Belmonte, vice chairman of the Liberal Party, filed House Bill 15 following the failure of the LP and presidential candidate Manuel Roxas II to submit on time their Statement of Contributions and Expenditures in the last national elections.
“With these amendments in place, the law will accurately reflect the current economic landscape and allow candidates to pay the full and fair price of the goods and services they wish to engage,” Belmonte said, adding that his proposal seeks to amend Section 13 of Republic Act 7166.
Belmonte said the amendments would also allow candidates to maximize their resources to effectively communicate their platforms and ideas to a greater number of their constituents, which could translate into a voting public that was more active, intelligent, and aware.
Belmonte noted in his bill that the Omnibus Election Code of the Philippines allows candidates to spend an aggregate amount not exceeding P1.50 for every voter registered in the constituency where he filed his candidacy.

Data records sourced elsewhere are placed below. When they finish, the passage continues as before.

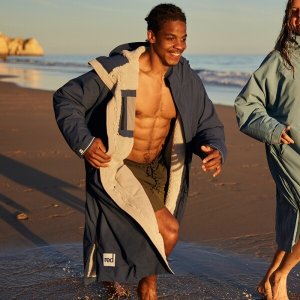 [레드] 워터푸르프 체인징 로브 올터 에보 - 어드미럴 블루 남여공용, Waterproof Dry Changing Robe Alter Evo - Admiral Blue Unisex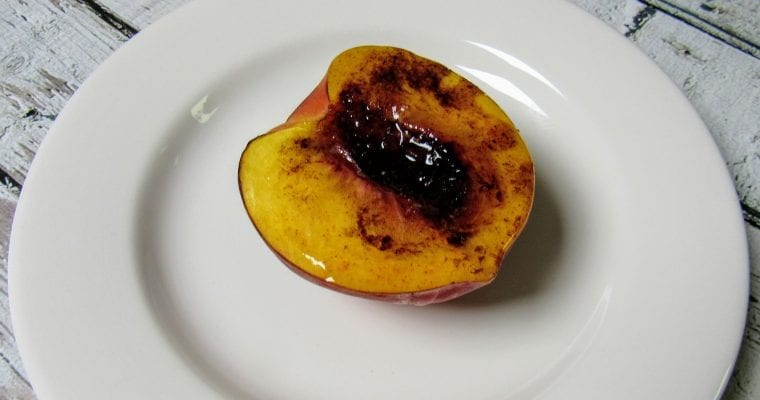 Easy Baked Peaches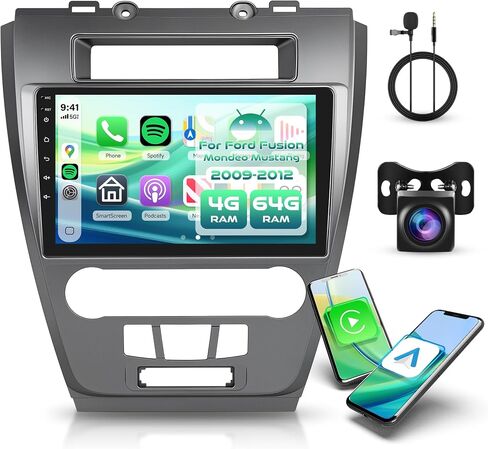 4G+64G Android Car Stereo Radio for Ford Fusion Mondeo Mustang 2009-2012 in Saudi Arabia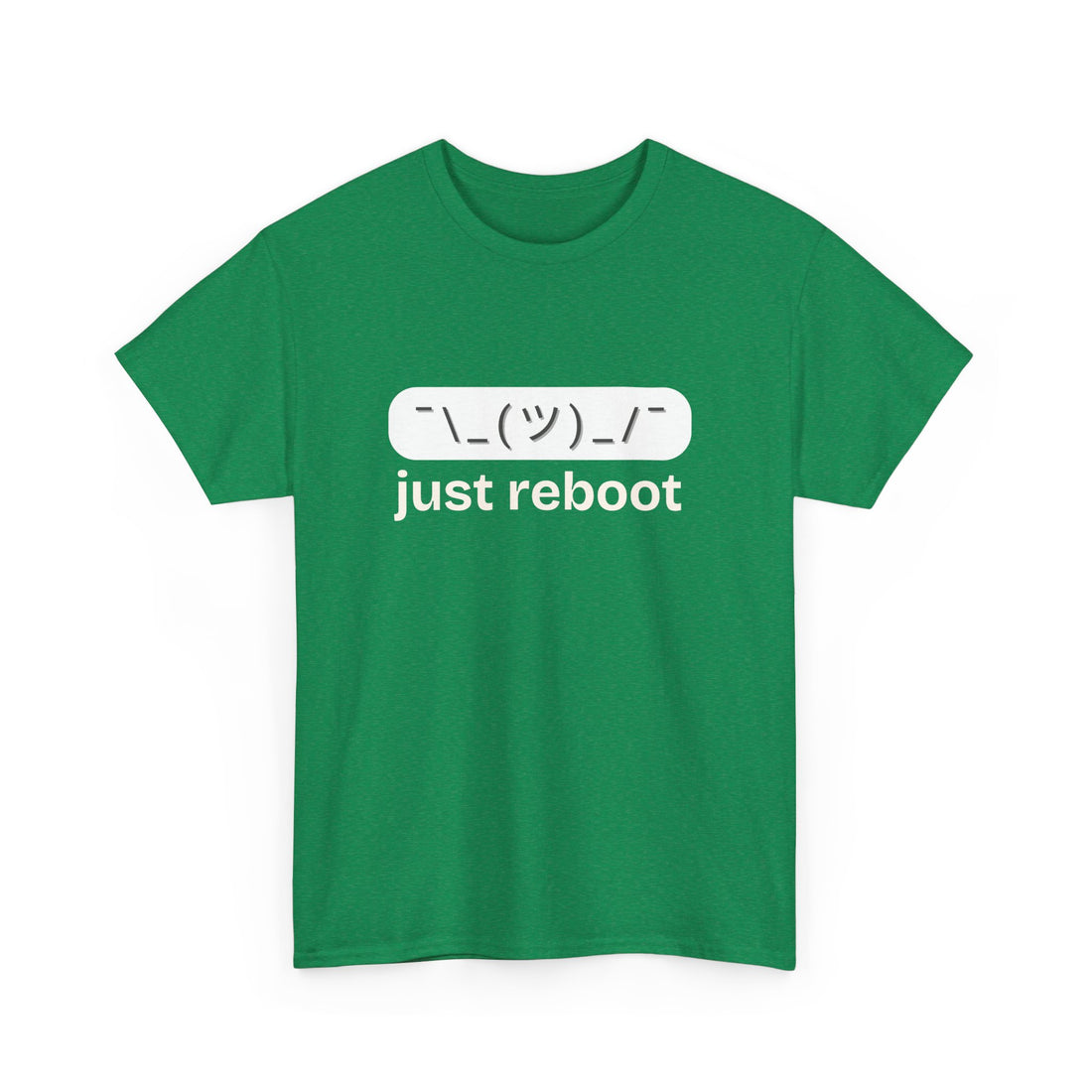Just reboot T-shirt | Unisex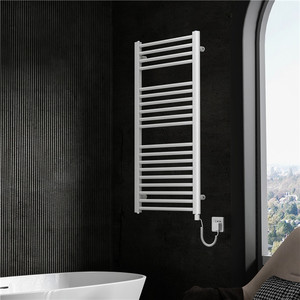 Sèche-serviettes électrique mural d'origine usine 1000x500mm pour salle de bain - Product Image 1
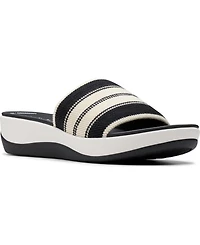 Clarks Cloudsteppers Women's Arla Hollis Slip-On Flat Sandals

He said RA 7166 was enacted in 1991, amending the provisions of the Omnibus Election Code and increased the allowed expenditures for candidates and political parties.
“Candidates are allowed to spend P3.00 for every voter currently registered in the constituency where he filed his Certificate of Candidacy, and candidates without any political party, and without support from any political party, are allowed to spend P5.00 for every such voter,” Belmonte said.
The candidates for president and vice president are allowed a larger sum of P10.00, while political parties are allowed P5.00 for every voter currently registered in the constituency or constituencies where they have official candidates.
“Twenty-five years later, these figures have yet to be updated to reflect inflation and the eroded purchasing power of the Philippine peso,” Belmonte said.
“The limitations also hinder candidates from launching campaigns that could reach even the most remote of places in the country for fear of running afoul of the law.”
Under the measure, all candidates would be authorized to spend P50.00 and P30.00 for political parties for every voter currently registered in the constituency or constituencies where they have official candidates.